= Transparency (data compression) =

Perceptually indistinguishable data compression

In data compression and psychoacoustics, transparency is the result of lossy data compression advanced enough that the compressed result is perceptually indistinguishable from the uncompressed input, i.e., perceptually lossless.

A transparency threshold is a given value at which transparency is reached. It is commonly used to describe compressed data bitrates. For example, the transparency threshold for MP3 to linear PCM audio is said to be between 175 and 245 kbit/s, at 44.1 kHz, when encoded as VBR MP3 (corresponding to the -V3 and -V0 settings of the highly popular LAME MP3 encoder). This means that when an MP3 that was encoded at those bitrates is being played back, it is indistinguishable from the original PCM, and the compression is transparent to the listener.

The term transparent compression can also refer to a filesystem feature that allows compressed files to be read and written just like regular ones. In this case, the compressor is typically a general-purpose lossless compressor.

==Determination==
Transparency, like sound or video quality, is subjective. It depends most on the listener's familiarity with digital artifacts, their awareness that artifacts may in fact be present, and to a lesser extent, the compression method, bit rate used, input characteristics, and the listening or viewing conditions and equipment. Despite this, sometimes a general consensus is formed for what compression options should provide transparent results for most people on most equipment. Due to the subjectivity and the changing nature of compression, recording, and playback technology, such opinions should be considered only as rough estimates rather than established fact.

Judging transparency can be difficult, due to observer bias, in which subjective like or dislike of a certain compression methodology emotionally influences their judgment. This bias is commonly referred to as placebo, although this usage is slightly different from the medical use of the term.

To scientifically prove that a compression method is not transparent, double-blind tests may be useful. The ABX method of hypothesis testing is normally used, with a null hypothesis that the samples tested are the same and with an alternative hypothesis that the samples are in fact different.

There is no way to prove whether a certain lossy compression methodology is transparent using hypothesis testing, since in hypothesis testing, a null hypothesis cannot be proven; it can either be rejected or fail to be rejected. Even when an ABX test or any other comparison fails, that does not prove that there is no difference; it can only be said that the difference could not be proven.

All lossless data compression methods are transparent, by nature.

=== In image compression ===
Both the DSC in DisplayPort and the default settings of JPEG XL are regarded as visually lossless.
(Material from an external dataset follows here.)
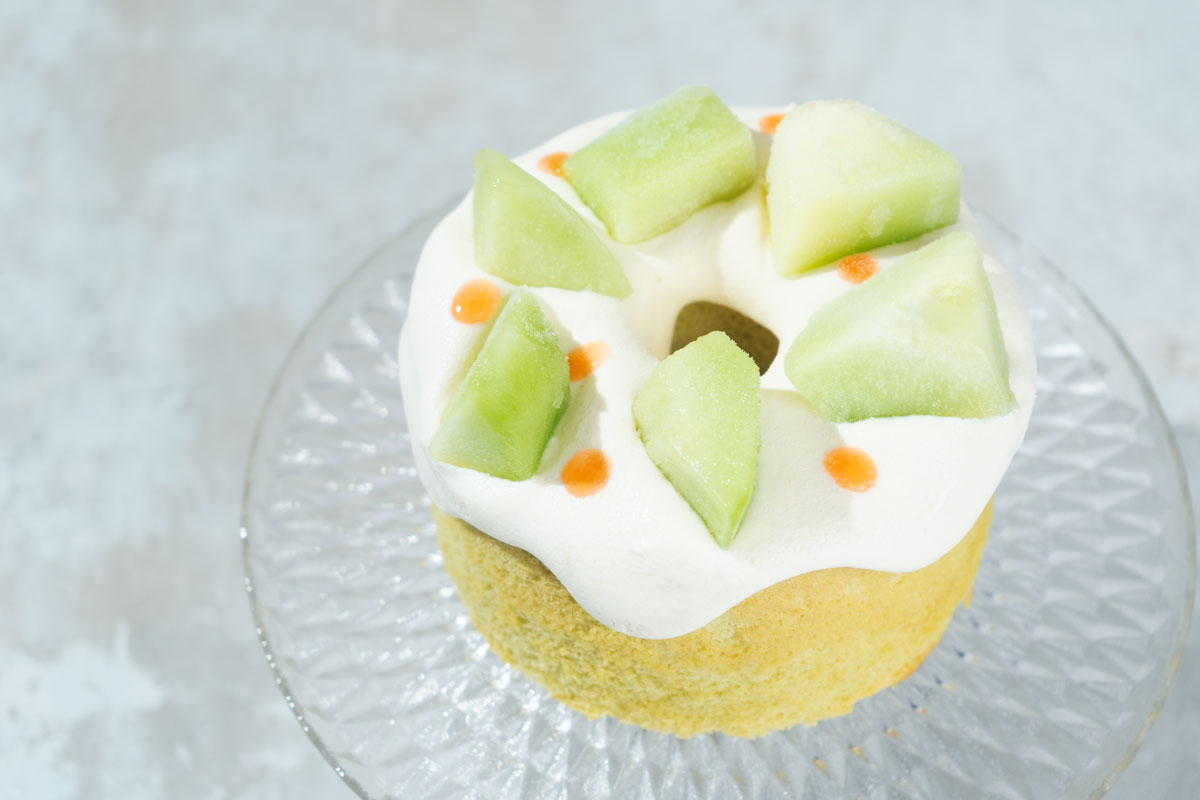 夏限定凍ったまま食べるシフォンケーキ『Frozen MEGA Melon』フローズンメガメロン。アイスケーキとも違う新感覚スイーツ。お中元や夏ギフトにも。お取り寄せ・通販のシフォンケーキ専門店This is CHIFFON CAKE.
The losslessness is usually determined by a flicker test: the display initially shows the compressed and the original side-by-side, switches them around for a tiny fraction of a second and then goes back to the original. This test is more sensitive than a side-by-side comparison ("visually almost lossless"), as the human eye is highly sensitive to temporal changes in light. There is also a panning test that is purportedly more representative of sensitivity in the case of moving images than the flicker test.

== Difference from a lack of artifacts ==
A perceptually lossless compression is always free of compression artifacts, but the inverse is not true: it is possible for a compressor to produce a signal that appears natural but with altered contents. Such a confusion is widely present in the field of radiology (specifically for the study of diagnostically acceptable irreversible compression), where visually lossless is taken to mean anywhere from artifact-free to being indistinguishable on a side-to-side view, neither being as stringent as the flicker test.